*What is needed*:
From the line with "Mountain bike outlet day pack" onward, reproduce each line of the entries exactly, ending at the last one, and add nothing.

____ Information provided

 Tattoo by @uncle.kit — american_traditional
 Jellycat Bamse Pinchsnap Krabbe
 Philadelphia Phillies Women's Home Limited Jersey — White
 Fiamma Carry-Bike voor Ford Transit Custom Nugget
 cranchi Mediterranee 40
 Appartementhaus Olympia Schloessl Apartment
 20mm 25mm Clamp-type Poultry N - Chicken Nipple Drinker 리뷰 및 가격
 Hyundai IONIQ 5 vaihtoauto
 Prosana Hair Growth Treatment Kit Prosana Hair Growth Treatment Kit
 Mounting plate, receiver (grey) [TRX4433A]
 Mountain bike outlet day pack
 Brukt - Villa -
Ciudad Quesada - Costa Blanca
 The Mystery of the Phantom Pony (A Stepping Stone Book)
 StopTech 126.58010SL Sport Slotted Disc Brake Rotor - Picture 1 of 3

________

*Task solution*:
 Mountain bike outlet day pack
 Brukt - Villa -
Ciudad Quesada - Costa Blanca
 The Mystery of the Phantom Pony (A Stepping Stone Book)
 StopTech 126.58010SL Sport Slotted Disc Brake Rotor - Picture 1 of 3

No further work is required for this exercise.